Red Hat Bugzilla – Full Text Bug Listing
|Summary:||empty modify operation with repl on or lastmod off will crash server|
|Product:||[Community] 389||Reporter:||Andrew Kerr <andrew>|
|Component:||Directory Server||Assignee:||Rich Megginson <rmeggins>|
|Status:||CLOSED CURRENTRELEASE||QA Contact:||Viktor Ashirov <vashirov>|
|Version:||1.2.7||CC:||amsharma, nhosoi, nkinder, security-response-team, vdanen|
|Fixed In Version:||Doc Type:||Bug Fix|
|Doc Text:||Story Points:||---|
|:||679542 (view as bug list)||Environment:|
|Last Closed:||2015-12-07 11:33:42 EST||Type:||---|
|oVirt Team:||---||RHEL 7.3 requirements from Atomic Host:|
|Bug Depends On:|
|Bug Blocks:||639035, 656390, 676876, 679542|
Description Andrew Kerr 2011-02-04 16:36:56 EST
Created attachment 477123 [details] Stack trace Description of problem: The process on the replica crashes. Version-Release number of selected component (if applicable): A master server running 18.104.22.168, replicating to a server running 22.214.171.124. Same hardware and software installation. How reproducible: Every time. We have 10 replicas. Each one running 126.96.36.199 will crash after some amount of time (few minutes to an hour). Steps to Reproduce: 1. Enable replication from 188.8.131.52 master to 184.108.40.206 slave 2. Initialize replica (this I believe works fine with no crash every time) 3. Allow queries against replica 4. Replica will crash, some times almost immediately and some times after 30 or so minutes. Actual results: Expected results: Additional info: All servers running a pretty bare installation of CentOS 5.5 with all updates. Nothing relevant in the access or error logs (at level 8192), although I haven't turned off access log buffering yet. I can't tell yet if it is query related, replication related, or something else. Same servers rolled back to version 1.2.4 do not crash (master left at 220.127.116.11, still stable). The server running 18.104.22.168 also gets end-user queries, so the data and queries being the same, the only difference is that one is a master and the others are replicas, with only the replicas crashing.

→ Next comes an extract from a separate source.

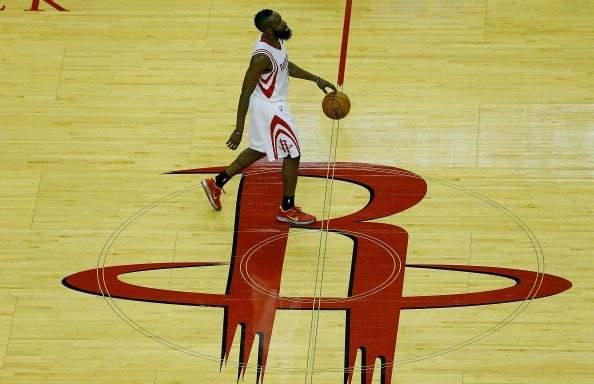 篮球关于秒的规则_篮球进攻3秒什么意思_nba篮球进攻24秒规则改成14秒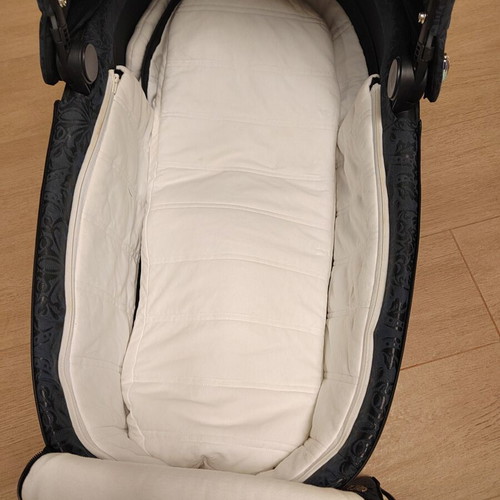 Cybex Priam Lux Carry Cot Jewels of Nature used, luxury edition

Comment 1 Rich Megginson 2011-02-09 10:38:56 EST
I was able to reproduce the crash with openldap ldapmodify on EL5. 1) You have to have a client capable of sending an empty modify request - mozldap ldapmodify will not let you do this, but openldap ldapmodify will: # /usr/bin/ldapmodify -x <<EOF dn: EOF It will warn, but allow the modify through. 2) You have to be using a server built with mozldap - servers built with openldap will return an LDAP error when receiving an empty modify request 3) Either the modify operation is replicated, or the server has set cn=config nsslapd-lastmod: off If these conditions are met, the empty modify operation will crash the server.

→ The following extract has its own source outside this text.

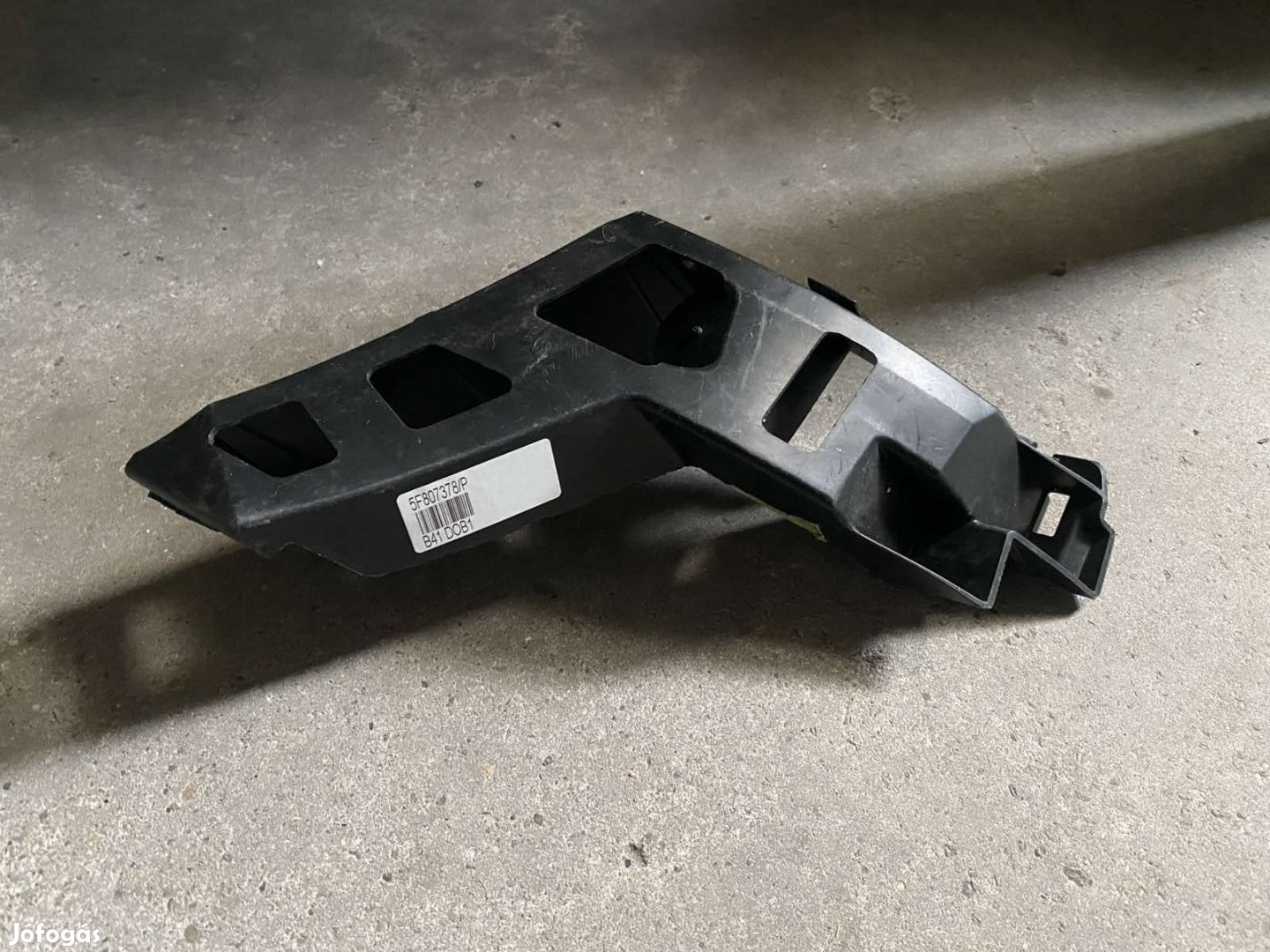 VW/Seat jobb első  lökhárító tartó eladó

Comment 20 Rich Megginson 2011-02-22 14:48:05 EST
To ssh://git.fedorahosted.org/git/389/ds.git a123b54..1980427 master -> master commit 1980427b8c78e79982c056ac270c6c3b11188830 Author: Rich Megginson <email@example.com> Date: Wed Feb 9 14:54:29 2011 -0700 Reviewed by: nkinder, nhosoi (Thanks!) Branch: master Fix Description: Check the modifications after lastmod is applied, if any. If there are still no mods to apply, just return LDAP_SUCCESS to the client and end the modify request. This makes it so that an empty modify is allowed, but no further processing is done to avoid code that may not deal with mods == NULL. I also found a problem with the way an empty modify was handled. OpenLDAP does not return an explicit error code if there was a problem reading the sequence of modify ops, so we have to resort to other checking. This allows an empty modify to pass through, when using either mozldap or openldap. Platforms tested: RHEL5 x86_64, RHEL6 x86_64 Flag Day: no Doc impact: no To ssh://git.fedorahosted.org/git/389/ds.git 5d4895c..a33cb58 389-ds-base-1.2.8 -> 389-ds-base-1.2.8
Comment 21 Rich Megginson 2011-02-22 14:49:34 EST
Can I remove the Security tag on this bug?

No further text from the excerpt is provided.